One by one, the hyenas tormented the troop, frequently lunging forward in the hope of drawing a monkey out, yet still the troop held firm until one cunning hyena saw its opportunity and pounced on an unsuspecting chacma infant, dragging it into the bush.
Bosh witnessed a horror he had never encountered before and suddenly felt emotions he had not experienced either. The gravity of what he had just seen filled him with both fright and anger. He leapt out of the tree and landed on the ground, using his ivory needle to steady his landing.
To the astonishment of everyone, including himself, Issun started to grow in size, eventually reaching the height of a fully grown African elephant, brandishing a life-size ivory asaya staff.
His anger took precedence over his sudden transformation and he turned to instinctive combat mode. Standing upright and very tall, he charged at the oncoming hyenas, wielding his needle with precision and administering fatal blow after blow upon the wild dogs, killing four or five instantly.
The remaining hyenas fled in despair at the sight of such a vengeful adversary as Issun Boshi. Their leader, however, remained at a safe distance, taking in the events and keeping out of harm’s way, as her pack retreated to join her.
Swiss and Perrin raced back on hearing the distress calls and commotion from afar. They were just in time to witness the transformation of their adopted son and his devastating impact on the troop’s assailants.
‘So now we know, Bosh,’ said Swiss, ‘this is the special power that Narok had predicted would emerge.’
‘What just happened to me?’ said Bosh.
‘You saved us, Bosh, and we cannot thank you enough for your bravery. Our casualties may have been much worse,’ said Perrin.
Moments later, Issun Boshi reverted to his previous size, and, once he was back to normal, Arthur hugged him in appreciation of his friend’s bravery.

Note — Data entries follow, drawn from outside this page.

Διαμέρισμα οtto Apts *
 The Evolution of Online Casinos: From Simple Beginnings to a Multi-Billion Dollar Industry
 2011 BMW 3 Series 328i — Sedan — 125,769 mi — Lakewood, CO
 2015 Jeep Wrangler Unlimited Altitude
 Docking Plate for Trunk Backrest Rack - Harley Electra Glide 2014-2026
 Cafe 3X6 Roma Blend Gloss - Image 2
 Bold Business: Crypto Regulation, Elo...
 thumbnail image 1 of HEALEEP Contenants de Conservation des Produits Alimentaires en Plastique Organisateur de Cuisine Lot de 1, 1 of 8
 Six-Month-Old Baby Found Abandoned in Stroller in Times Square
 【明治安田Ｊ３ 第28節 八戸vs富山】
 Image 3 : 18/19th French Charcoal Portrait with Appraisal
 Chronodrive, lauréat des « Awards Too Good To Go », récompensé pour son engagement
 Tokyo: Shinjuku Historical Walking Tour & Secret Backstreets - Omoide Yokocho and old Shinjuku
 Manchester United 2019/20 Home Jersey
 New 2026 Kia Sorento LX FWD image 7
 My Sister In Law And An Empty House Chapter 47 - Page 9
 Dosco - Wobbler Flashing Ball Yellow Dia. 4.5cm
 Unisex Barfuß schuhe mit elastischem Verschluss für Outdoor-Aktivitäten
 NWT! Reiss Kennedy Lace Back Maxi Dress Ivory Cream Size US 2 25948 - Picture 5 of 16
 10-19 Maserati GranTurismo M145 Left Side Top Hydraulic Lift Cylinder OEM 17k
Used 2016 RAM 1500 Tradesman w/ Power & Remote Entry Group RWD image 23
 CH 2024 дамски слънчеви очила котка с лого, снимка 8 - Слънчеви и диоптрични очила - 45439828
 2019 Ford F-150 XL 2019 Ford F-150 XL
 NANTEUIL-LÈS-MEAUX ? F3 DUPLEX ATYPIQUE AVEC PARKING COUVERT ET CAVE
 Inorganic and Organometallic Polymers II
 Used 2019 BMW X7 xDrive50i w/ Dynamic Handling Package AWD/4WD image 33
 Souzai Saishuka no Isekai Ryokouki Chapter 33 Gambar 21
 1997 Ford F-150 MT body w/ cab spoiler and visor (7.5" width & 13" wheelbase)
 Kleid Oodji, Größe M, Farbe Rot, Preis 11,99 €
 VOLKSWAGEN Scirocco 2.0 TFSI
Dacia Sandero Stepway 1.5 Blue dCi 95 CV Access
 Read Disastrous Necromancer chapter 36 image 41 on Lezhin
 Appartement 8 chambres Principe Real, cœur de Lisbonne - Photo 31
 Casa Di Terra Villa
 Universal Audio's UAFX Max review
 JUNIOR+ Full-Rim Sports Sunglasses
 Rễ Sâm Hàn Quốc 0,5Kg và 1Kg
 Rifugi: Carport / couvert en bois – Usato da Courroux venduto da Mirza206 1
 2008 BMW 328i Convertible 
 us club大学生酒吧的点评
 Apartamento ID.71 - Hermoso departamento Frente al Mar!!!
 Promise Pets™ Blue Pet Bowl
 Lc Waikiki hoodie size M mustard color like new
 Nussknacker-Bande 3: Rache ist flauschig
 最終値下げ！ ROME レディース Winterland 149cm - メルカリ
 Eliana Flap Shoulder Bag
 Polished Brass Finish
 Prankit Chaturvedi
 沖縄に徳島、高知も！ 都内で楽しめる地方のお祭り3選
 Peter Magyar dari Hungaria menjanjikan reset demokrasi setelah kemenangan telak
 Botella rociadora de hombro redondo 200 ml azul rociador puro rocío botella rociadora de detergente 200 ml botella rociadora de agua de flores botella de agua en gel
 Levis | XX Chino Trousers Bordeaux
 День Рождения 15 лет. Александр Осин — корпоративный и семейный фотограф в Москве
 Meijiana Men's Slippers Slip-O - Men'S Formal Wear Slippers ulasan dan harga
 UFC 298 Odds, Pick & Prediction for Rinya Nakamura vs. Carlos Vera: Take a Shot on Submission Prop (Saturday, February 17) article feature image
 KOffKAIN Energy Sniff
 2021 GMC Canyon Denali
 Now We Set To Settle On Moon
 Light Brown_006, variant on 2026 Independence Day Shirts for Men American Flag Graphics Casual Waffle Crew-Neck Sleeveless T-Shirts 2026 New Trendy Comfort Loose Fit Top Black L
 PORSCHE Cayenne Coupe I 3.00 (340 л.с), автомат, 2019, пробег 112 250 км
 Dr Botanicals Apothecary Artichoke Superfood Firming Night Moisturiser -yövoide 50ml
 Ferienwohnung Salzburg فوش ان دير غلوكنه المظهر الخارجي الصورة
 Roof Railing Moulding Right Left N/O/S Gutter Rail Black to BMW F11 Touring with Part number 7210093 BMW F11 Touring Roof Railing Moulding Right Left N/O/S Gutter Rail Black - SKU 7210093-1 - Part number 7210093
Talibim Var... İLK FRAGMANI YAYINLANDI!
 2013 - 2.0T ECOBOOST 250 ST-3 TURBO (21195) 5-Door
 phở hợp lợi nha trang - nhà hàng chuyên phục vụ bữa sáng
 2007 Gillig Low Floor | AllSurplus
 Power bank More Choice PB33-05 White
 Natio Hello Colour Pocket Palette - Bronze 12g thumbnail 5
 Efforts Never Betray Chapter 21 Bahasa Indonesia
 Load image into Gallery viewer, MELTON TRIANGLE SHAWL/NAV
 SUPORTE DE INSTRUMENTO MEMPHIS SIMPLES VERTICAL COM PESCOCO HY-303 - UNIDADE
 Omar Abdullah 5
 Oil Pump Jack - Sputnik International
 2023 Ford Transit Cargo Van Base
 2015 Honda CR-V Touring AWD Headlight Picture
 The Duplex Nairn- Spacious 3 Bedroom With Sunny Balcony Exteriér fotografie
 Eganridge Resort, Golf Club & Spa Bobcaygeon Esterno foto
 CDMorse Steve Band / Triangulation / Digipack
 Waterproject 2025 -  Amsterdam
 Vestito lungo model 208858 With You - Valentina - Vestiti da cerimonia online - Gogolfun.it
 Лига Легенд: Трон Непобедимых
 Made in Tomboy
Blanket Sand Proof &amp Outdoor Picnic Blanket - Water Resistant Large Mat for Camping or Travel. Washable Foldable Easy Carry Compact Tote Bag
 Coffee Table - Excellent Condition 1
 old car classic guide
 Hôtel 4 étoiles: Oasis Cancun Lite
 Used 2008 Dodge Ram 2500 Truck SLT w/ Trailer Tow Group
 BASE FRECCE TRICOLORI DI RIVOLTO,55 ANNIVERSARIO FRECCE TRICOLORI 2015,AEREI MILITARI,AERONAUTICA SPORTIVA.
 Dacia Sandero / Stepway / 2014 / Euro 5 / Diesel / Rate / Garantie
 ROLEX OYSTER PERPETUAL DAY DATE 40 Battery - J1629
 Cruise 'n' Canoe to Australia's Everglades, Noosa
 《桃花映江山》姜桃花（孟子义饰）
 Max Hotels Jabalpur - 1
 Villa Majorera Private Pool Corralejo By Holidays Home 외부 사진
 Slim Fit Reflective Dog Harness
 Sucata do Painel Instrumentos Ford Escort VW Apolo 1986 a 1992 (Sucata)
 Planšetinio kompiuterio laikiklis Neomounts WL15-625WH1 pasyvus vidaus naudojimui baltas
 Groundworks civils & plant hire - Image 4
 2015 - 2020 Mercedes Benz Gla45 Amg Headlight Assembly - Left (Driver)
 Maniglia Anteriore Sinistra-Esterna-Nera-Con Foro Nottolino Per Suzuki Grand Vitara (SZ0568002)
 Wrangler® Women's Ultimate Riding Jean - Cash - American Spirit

Perrin picked up Bosh in his hand. ‘Remember this day, Bosh, and reflect on what just happened. Narok has given you a gift, but it appears to be a power either sparked by emotion or, as Arthur pointed out, the slamming of your needle against the ground. Whatever it is, the transformation seems to be short-lived, so use your new-found power wisely.’
Swiss stood at her partner’s side. ‘Bosh, it is with huge regret and a heavy heart that we are duty-bound to tell you your time with us has come to an end. We have enjoyed having you with us, but you must leave now, to follow the path the gods have set out for you.’
‘But I don’t want to leave you, I’m not ready to leave,’ Bosh replied.
‘Don’t worry, little one,’ said Perrin, ‘I’m sure we will see you again. Narok will see to that.’
Arthur made his way towards his friend and hugged him. ‘Take good care, Bosh, and remember that if you ever need me, I will be there for you.’
‘I’m going to miss all of you so much, but especially you, Arthur,’ said Bosh.
At that moment and, as Issun Boshi had experienced before, Narok swooped down and carefully collected him in his talons and whisked him away to start the next chapter of his amazing life.